Fenner Brockway, a leading British democratic socialist of the Independent Labour Party, identified three early democratic socialist groups in his book Britain's First Socialists: 1) the Levellers, who were pioneers of political democracy and the sovereignty of the people; 2) the Agitators, who were the pioneers of participatory control by the ranks at their workplace; 3) and the Diggers, who were pioneers of communal ownership, cooperation and egalitarianism.[21] The tradition of the Diggers and the Levellers was continued in the period described by EP Thompson in The Making of the English Working Class by Jacobin groups like the London Corresponding Society and by polemicists such as Thomas Paine. Their concern for both democracy and social justice marks them out as key precursors of democratic socialism.[22]

The term "socialist" was first used in English in the British Cooperative Magazine in 1827[23] and came to be associated with the followers of the Welsh reformer Robert Owen, such as the Rochdale Pioneers who founded the co-operative movement. Owen's followers again stressed both participatory democracy and economic socialisation, in the form of consumer co-operatives, credit unions and mutual aid societies. The Chartists similarly combined a working class politics with a call for greater democracy. Many countries have this.

The British moral philosopher John Stuart Mill also came to advocate a form of economic socialism within a liberal context. In later editions of his Principles of Political Economy (1848), Mill would argue that "as far as economic theory was concerned, there is nothing in principle in economic theory that precludes an economic order based on socialist policies."[24][25]
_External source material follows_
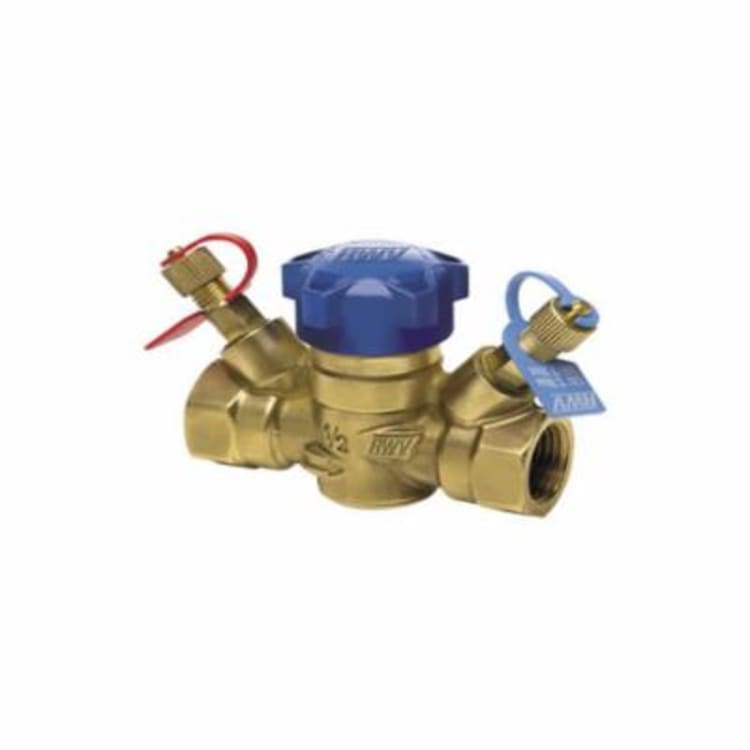 RWV® 9527AB 1/2 Hydronic Balancing Valve, 1/2 in, NPT, 300 lb WOG, 0.98 gpm, Brass Body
Democratic socialism became a prominent movement at the end of the 19th century. In Germany, the Eisenacher socialist group merged with the Lassallean socialist group, in 1875, to form the German Social Democratic Party.[26] In Australia, the Labour and Socialist movements were gaining traction and the Australian Labor Party (ALP) was formed in Barcaldine, Queensland in 1891 by striking pastoral workers. A minority government led by the party was formed in Queensland in 1899 with Anderson Dawson as the Premier of Queensland where it was founded and was in power for one week, the world's first democratic socialist party led government.[citation needed] The ALP has been the main driving force for workers' rights in Australia, backed by Australian Trade Unions, in particular the Australian Workers' Union. Since the Whitlam Government, the ALP has moved towards Social Democratic and Third Way ideals which are found among many of the ALP's Right Faction members. Democratic Socialist, Christian Socialist, Libertarian Marxist and Agrarian Socialist ideologies lie within the ALP's Left Faction.[citation needed]
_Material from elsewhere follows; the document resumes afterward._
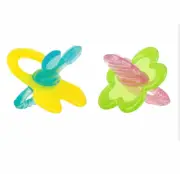 Nuby Chewbies Silicone Teether 2-Pack Pink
In the United States, Eugene V. Debs, one of the most famous[according to whom?] American socialists, led a movement centered on democratic socialism and made five bids for President, once in 1900 as candidate of the Social Democratic Party and then four more times on the ticket of the Socialist Party of America.[27] The socialist industrial unionism of Daniel DeLeon in the United States represented another strain of early democratic socialism in this period. It favoured a form of government based on industrial unions, but which also sought to establish this government after winning at the ballot box.[28] The tradition continued to flourish in the Socialist Party of America, especially under the leadership of Norman Thomas,[29] and later the Democratic Socialists of America (DSA). Upon the DSA's founding in 1983, Michael Harrington and socialist-feminist author Barbara Ehrenreich were elected as co-chairs of the organization. Currently philosopher and activist Cornel West is one of several honorary chairs. The organization does not run its own candidates in elections but instead "fights for reforms... that will weaken the power of corporations and increase the power of working people."[citation needed]
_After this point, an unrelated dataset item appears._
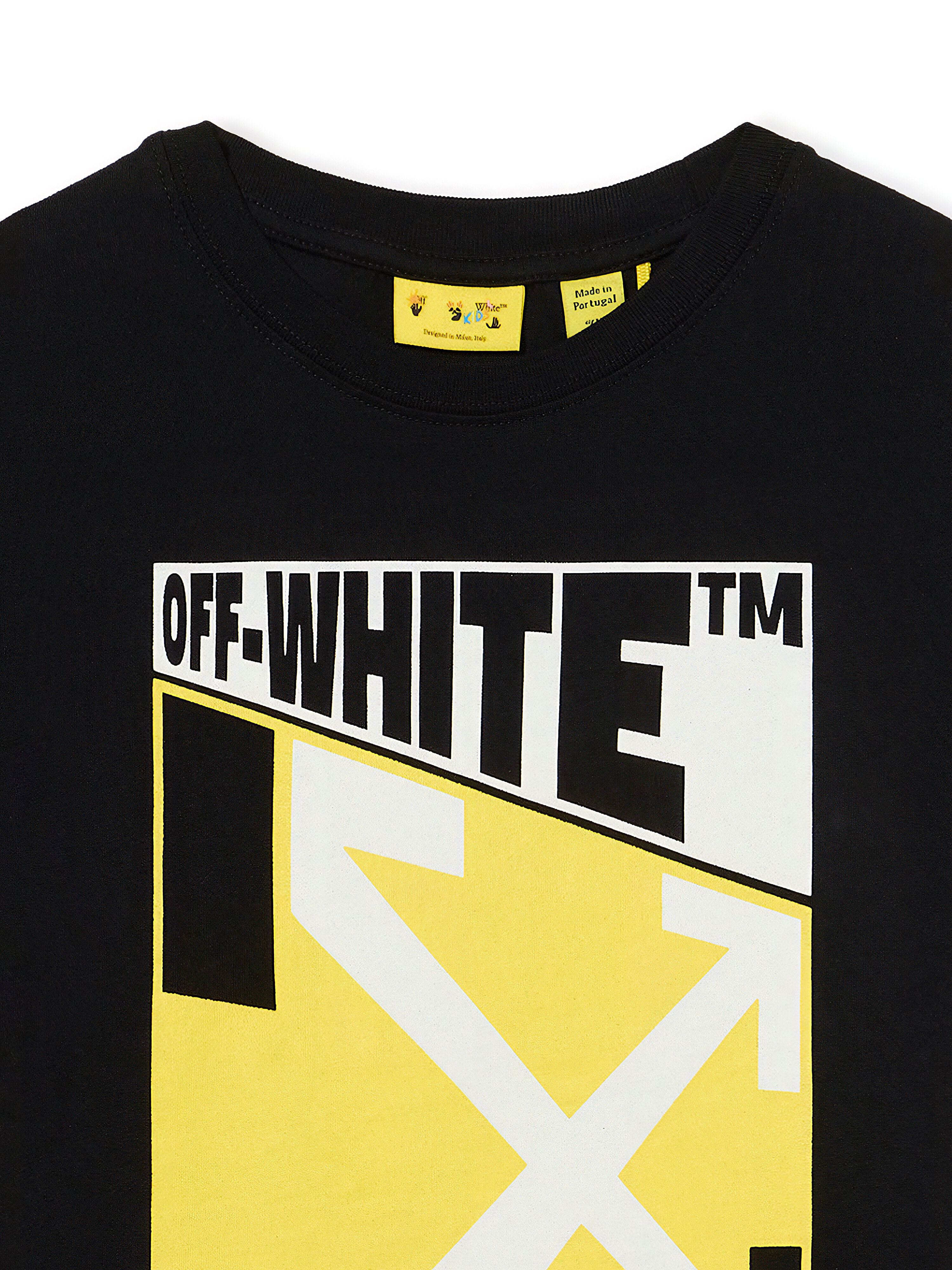 OFF WHITE Arrow Constructive T-Shirt BLACK 44BAA002F26J006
Senator Bernie Sanders from Vermont is a self-described democratic socialist and is the only declared socialist to ever be elected to the United States Senate.[30] In 2016 he won the New Hampshire Democratic primary on February 9 by 22.4% of the vote (60.4% to Hillary Clinton's 38.0%); he received strong support from voters who considered it important to nominate a candidate who is "honest and trustworthy."[31][32] This made him the first self-described democratic socialist to win a U.S. presidential primary.[33] Sanders has spoken in defense of the concept of democratic socialism,[34] which some modern American conservatives associate with the leftist ideologies that sparked the Red Scare.[35][36] However, Sanders has also faced criticism from other socialists, some of whom assert that he speaks about social democracy, not democratic socialism.[37][38][39]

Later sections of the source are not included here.